**Task instructions:**
Leaving pictures aside, set down each line exactly, from the first line of the data to the line with "Maxcorners Bowling Flame", both included.

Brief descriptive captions
-------------------------

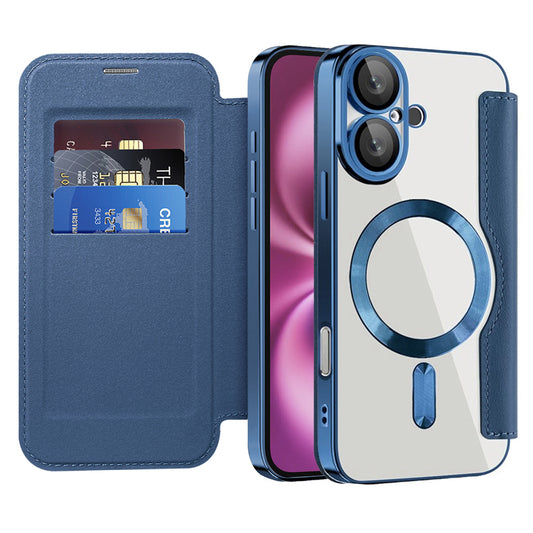 Capa MagSafe para Apple iPhone 16 Plus, Techsuit, SmartMag Book, Azul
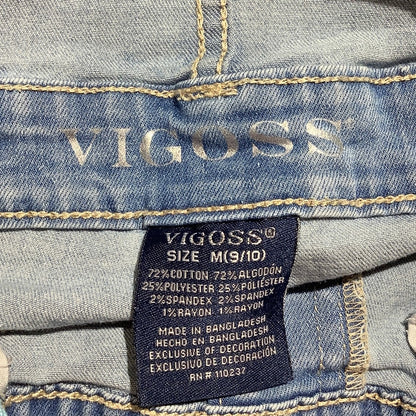 Vigoss Denim Short Overalls Child Size M (9–10) — Casual, Adjustable, Classic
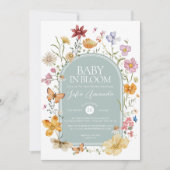 Baby in Bloom FLoral Ästhetische Babydusche Einladung (Vorderseite)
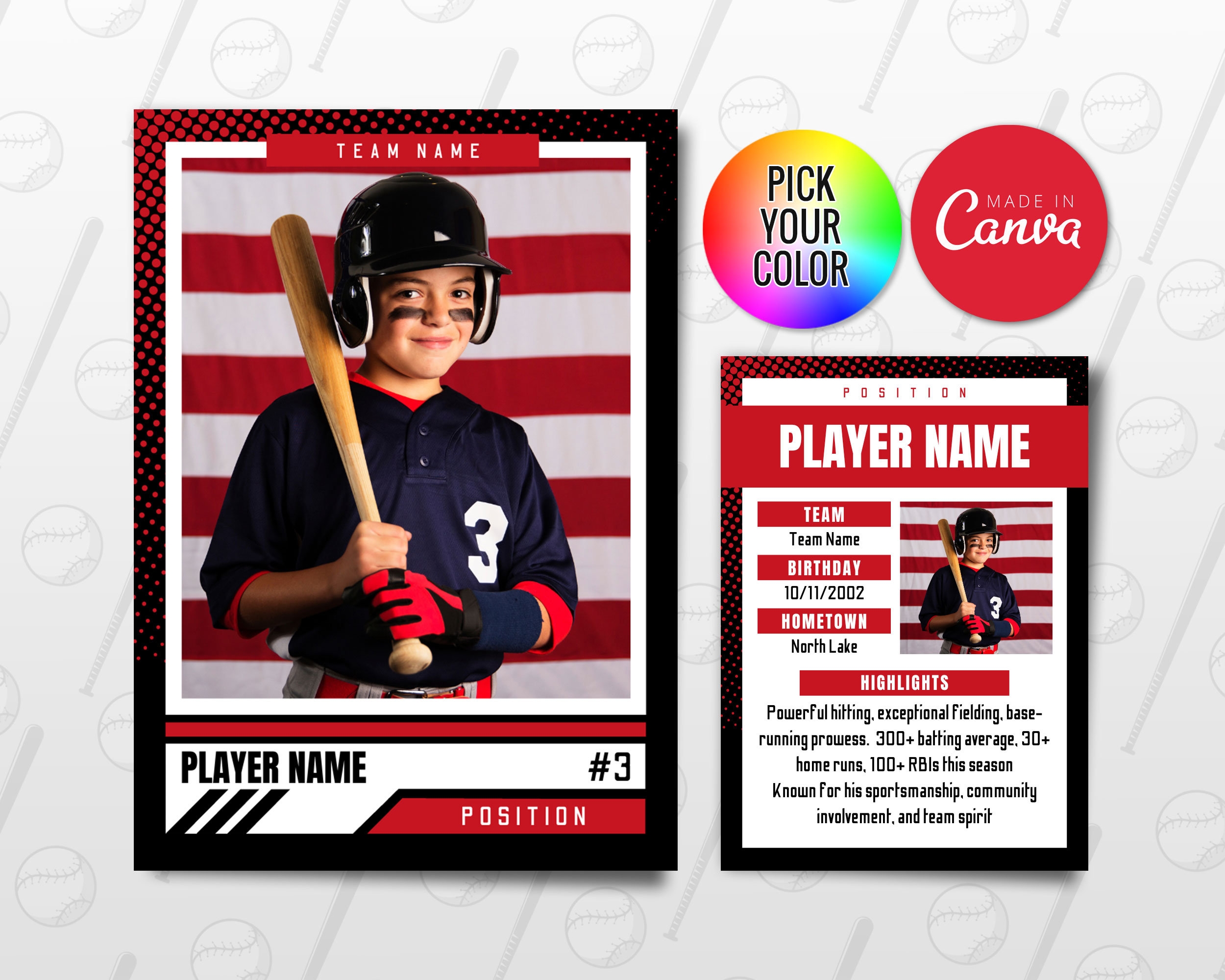 Baseball Sammelkarten Vorlage Anpassbare Spielerkarte Canva 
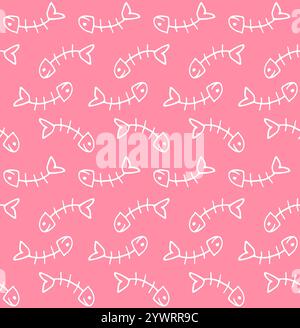 Vector seamless pattern of white hand drawn doodle sketch fish skeleton isolated on pink background Stock Vector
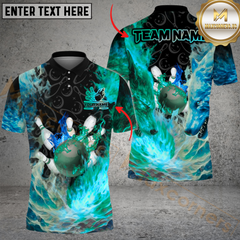 Maxcorners Bowling Flame And Ice Multicolor Personalized Name, Team Name 3D Unisex Shirt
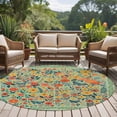 thumbnail image 4 of Boho Green Flowers Round Area Rug 7Ft Washable Circle Rugs for Dorm Laundry Room, Spring Abstract Watercolor Floral Leaf Non-Slip Carpet Floor Mats Indoor Outdoor Carpet Runner Aesthetic Home Decor, 4 of 8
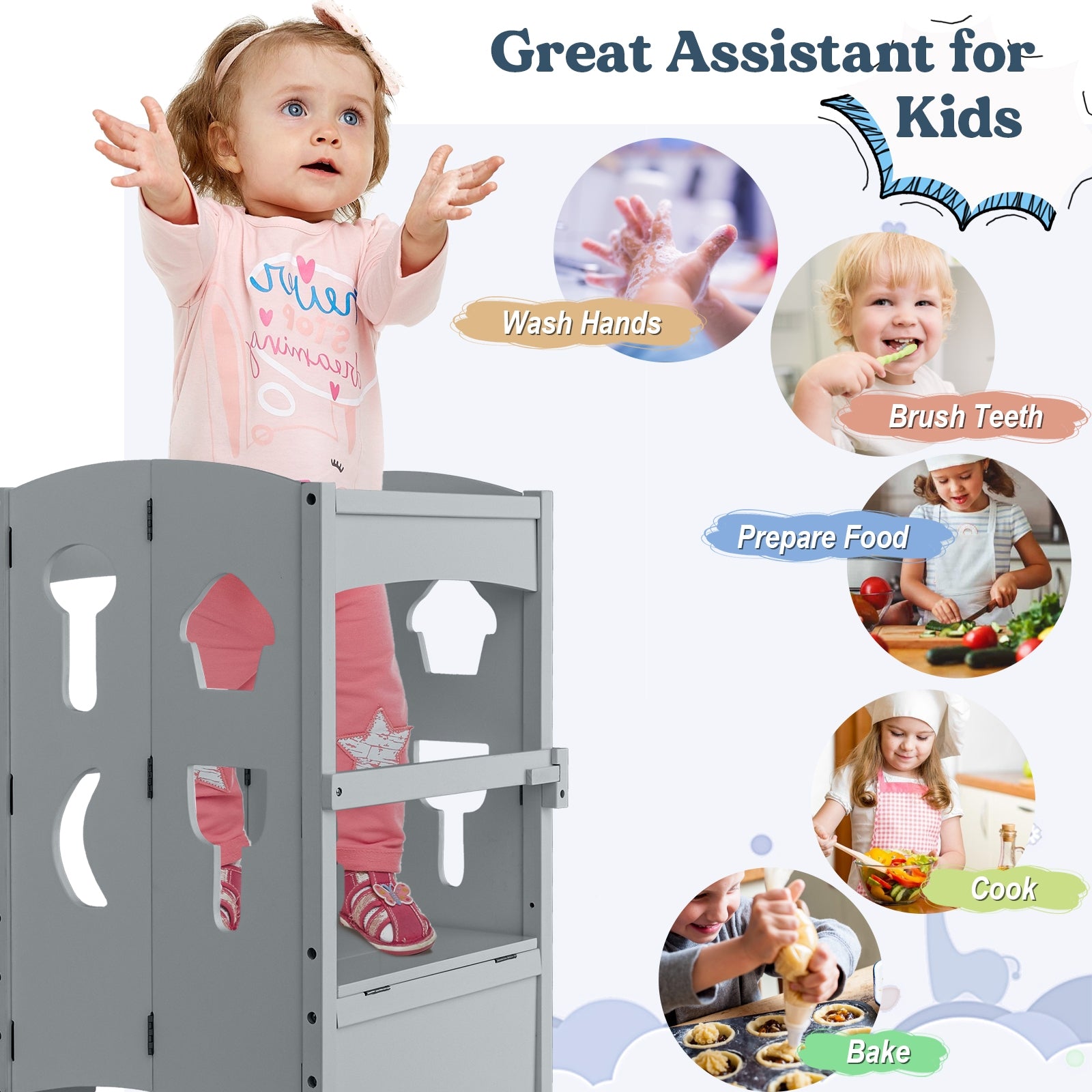 Folding Wooden Step Stool with Lockable Safety Rail for Toddler 3+, Gray Toddler & Kids Furniture at Gallery Canada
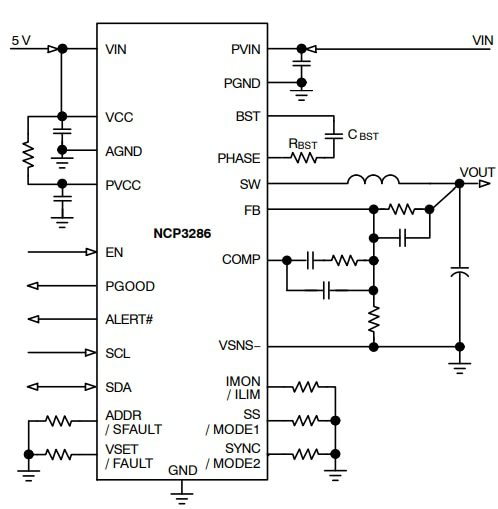 Application Circuit Diagram - onsemi NCP3286 Stackable Synchronous Buck Regulator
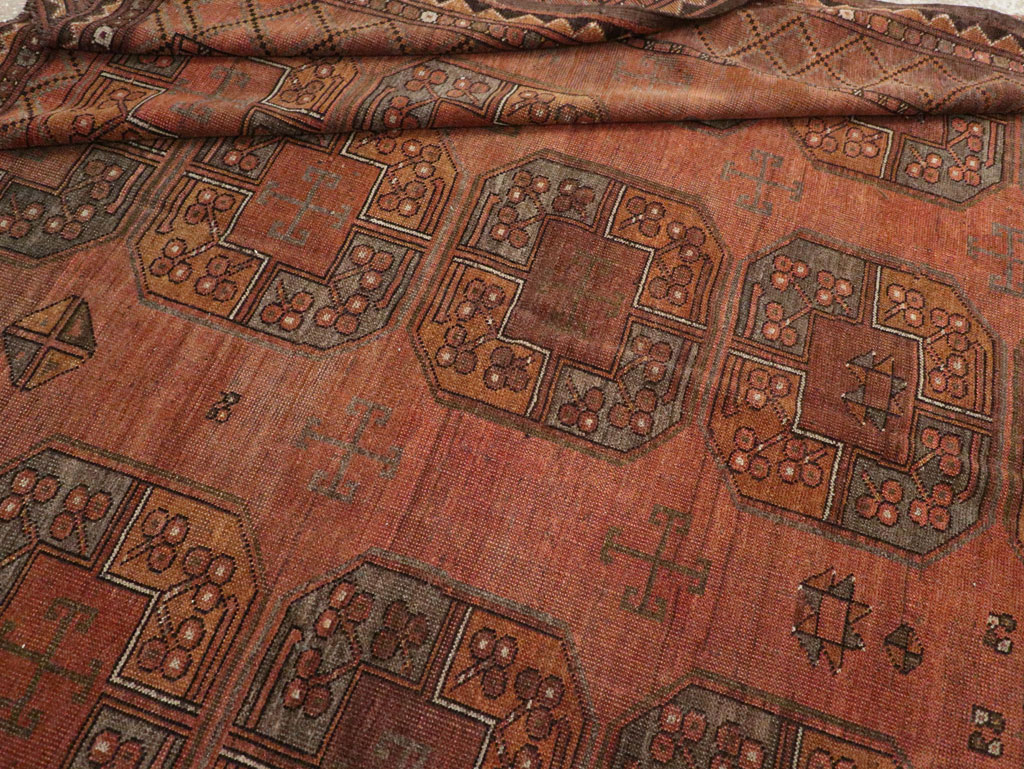 Vintage Central Asian Turkoman Accent Carpet, No.33321 - Gss
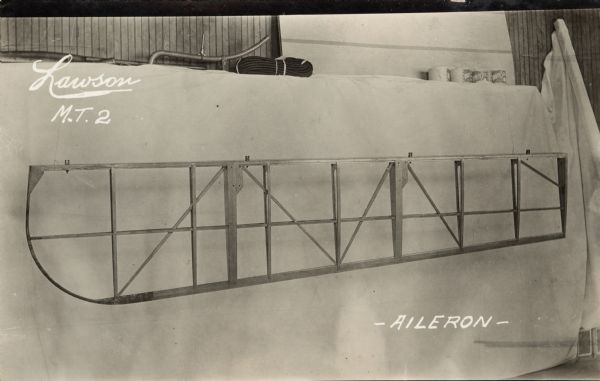 Photographic postcard showing the aileron of the Lawson Military Tractor 2 (M.T.2).
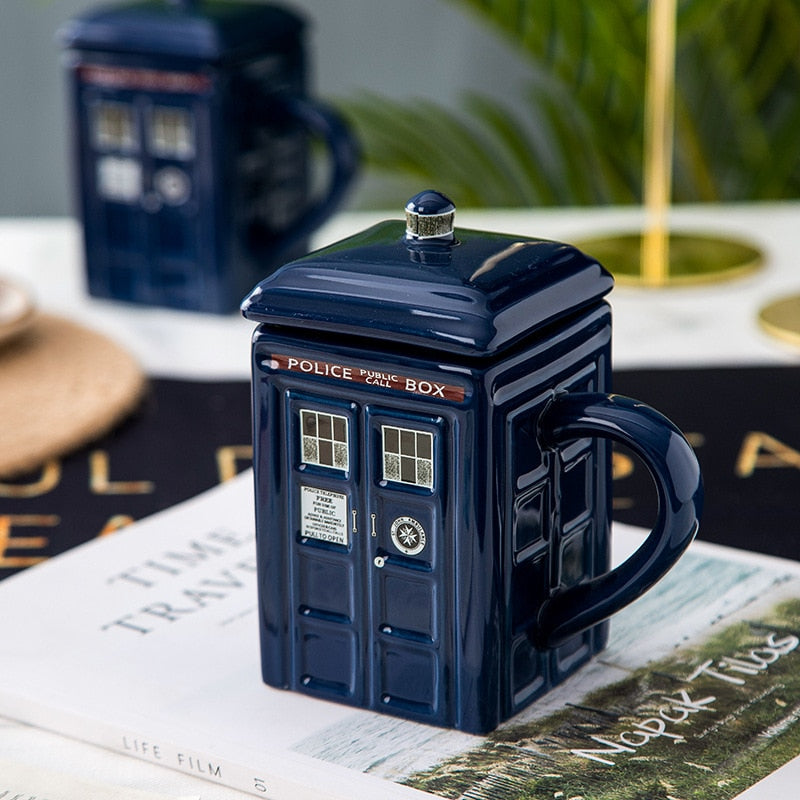 Sci-Fi Police Box Mug with Spoon – ideal gift for coffee and tea lovers | Stornfield
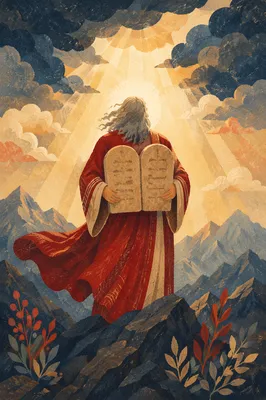 Moses Holding Stone Tablets at Dawn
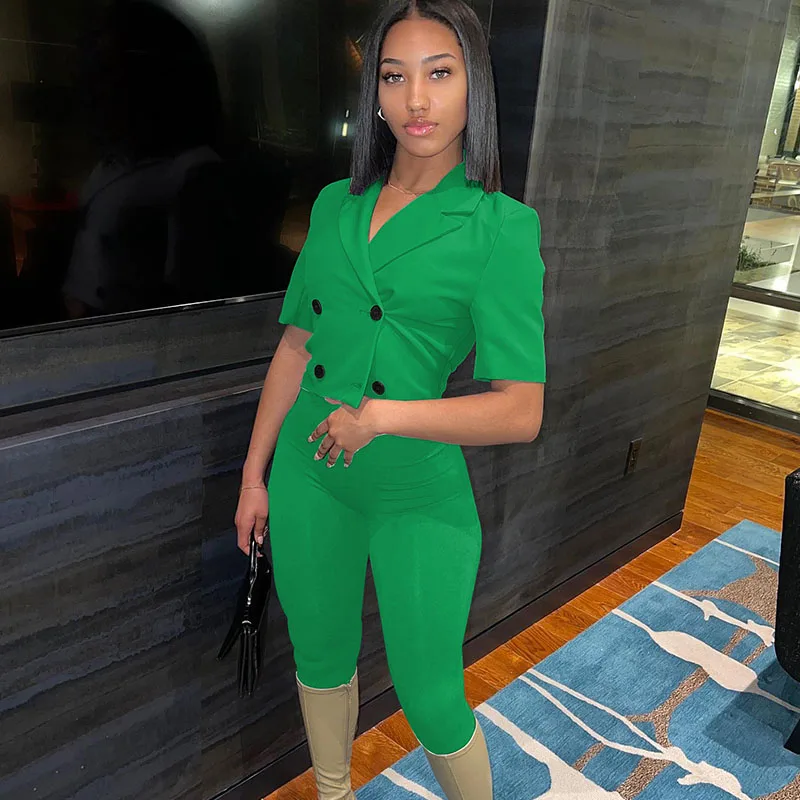 

Streetwear Two Piece Set for Women Suit Summer Double-breasted Blazer Top and Pants Matching Sets Gothic Elegant Office Outfits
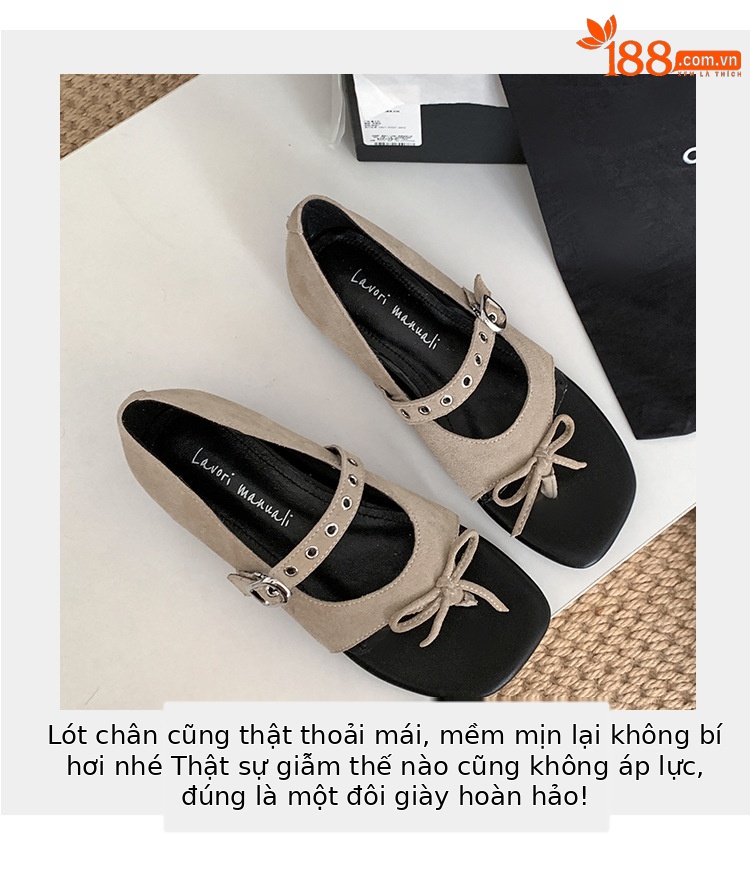 Sandal xỏ ngón đế bệt thiết kế độc đáo nơ bướm quai ngang La Mã — màu đen, màu mơ, bạc chi tiết 4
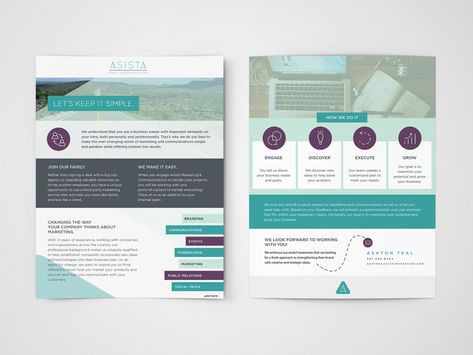 Asista Marketing Sales Sheet by Natalie Schultz on Dribbble One Pager Design, Sales Sheet, Candle Packaging Design, Sales Kit, Brochure Design Layouts, Sheet Design, Trifold Brochure Design, Page Layout Design, Ebook Design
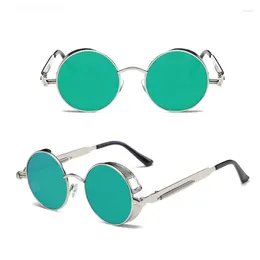 Sunglasses FOENIXSONG Fashion Steampunk Round For Men Women Black Brown Wrap Frame Retro Sun Glasses Mirror Sunglass Eyewear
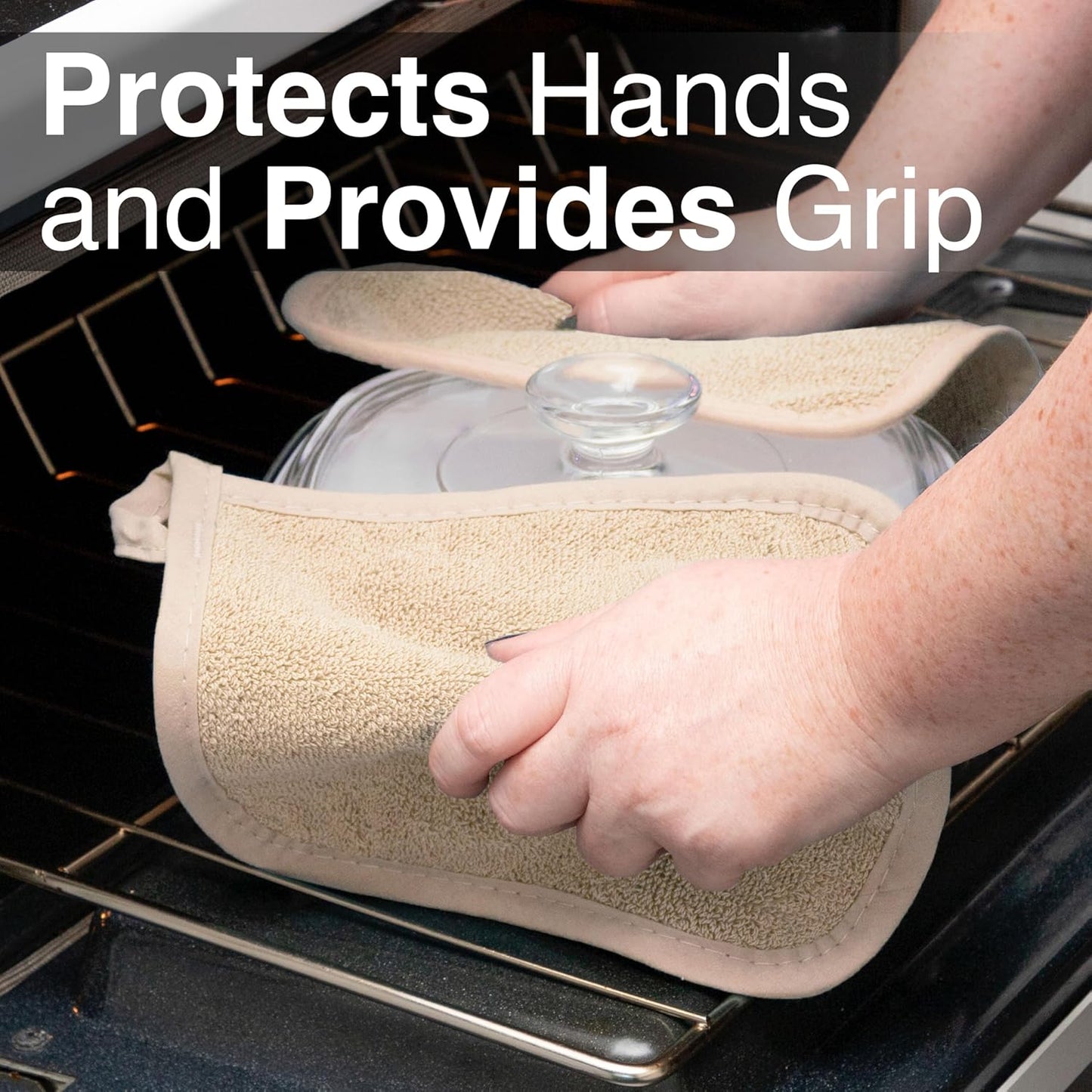 RITZ Terry Potholder & Hot Pad: Unparalleled Heat Resistant, Durable 100% Cotton – Ergonomically Designed for Optimal Grip – Easy-Care Machine Washable – 4-Pack, Latte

-------------------------

**Problem solution:**
 Capa MagSafe para Apple iPhone 16 Plus, Techsuit, SmartMag Book, Azul
 Vigoss Denim Short Overalls Child Size M (9–10) — Casual, Adjustable, Classic
 Baby in Bloom FLoral Ästhetische Babydusche Einladung (Vorderseite)
 Baseball Sammelkarten Vorlage Anpassbare Spielerkarte Canva 
 Vector seamless pattern of white hand drawn doodle sketch fish skeleton isolated on pink background Stock Vector
 Maxcorners Bowling Flame And Ice Multicolor Personalized Name, Team Name 3D Unisex Shirt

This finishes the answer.